Jennifer Arnold, a WMEP senior consultant, led the Lean Six Sigma Green Belt training.
“Jen’s personal experience really helped drive home the practical application of the tools,” Schellinger said. “Jen was always available, whether it was before class, after class, or between classes.”
Triton considered other Lean Six Sigma providers before deciding on the WMEP’s training program.
“The main reason we decided to go with WMEP is, first and foremost, its value,” Schellinger said. “It cost less to sign up and I feel that WMEP has a stronger hands-on network. Jen has years and years of experience using the tools in the industry. With other providers, you might get a textbook approach. That really made the difference.”
In addition to working with Schellinger during the classroom training, Arnold also visited the Triton Trailers plant to see the changes implemented as a result of the training.
“I was very impressed by the improvements and Tony’s application of the Lean Six Sigma tool set,” Arnold said.
The Lean Six Sigma project initially focused on the generator-hauling side of Triton’s trailer business.
“Six Sigma told us that we needed to get control of our process, which means we can’t rely on tribal knowledge,” Schellinger said. “Now, we have that lean aspect to take the waste out of the process.”

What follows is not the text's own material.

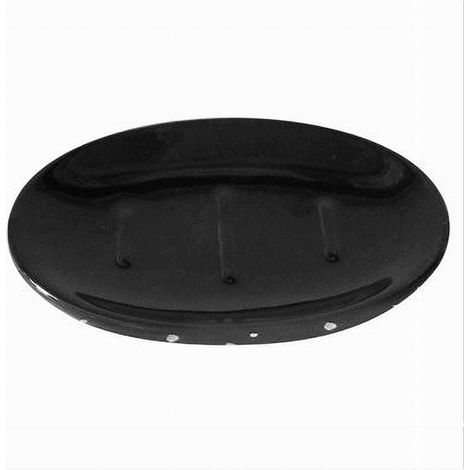 Trade Shop - Platillo Jabonera Baño Negro Teñido Plata Decoración 59928 - (1/2)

A rail system, which workers have dubbed the Roller Coaster, has been built using custom trolleys and carts to improve the production process and safety. Each production line is named after a popular roller coaster, such as Crazy Train, Lightning Bolt and Raging Bull.
Triton took what it learned from the generator trailer project and then applied it to its watercraft trailer production.
“We put in two assembly lines for our four most popular models. We haven’t worked overtime and we’ve lost somewhere between 10 and 15 factory employees through normal turnover and haven’t replaced them,” Schellinger said. “Efficiency has completely changed the dynamics out there.”
The improved efficiency gained through Lean Six Sigma means that Triton Trailers has been able to boost production to meet increasing demand – it has taken on an additional $5 million in annual sales – without adding a second shift or expanding its plant.
“We were able to increase our capacity,” Schellinger said. “That’s huge. It’s hard to put a dollar amount on that but it’s obviously a huge savings, or cost avoidance, however you want to say it. Within the same facility that was near capacity, we have been able to triple our throughput over the course of two years with no additional facility or labor investment.”
Product quality also has improved.
“People are working closer together, so we are getting more quality in our products because there are more eyes on it,” Schellinger said.
He is confident that other companies – manufacturers and other businesses alike – can benefit from the WMEP’s Lean Six Sigma Green Belt training, much in the same way Triton has experienced highly beneficial efficiency improvements. He also sees a market opportunity for WMEP to work directly with clients on Lean Six Sigma in their plants.
“I would definitely recommend it,” Schellinger said. “There are a lot of good tools and knowledge that can be applied to pretty much any industry.”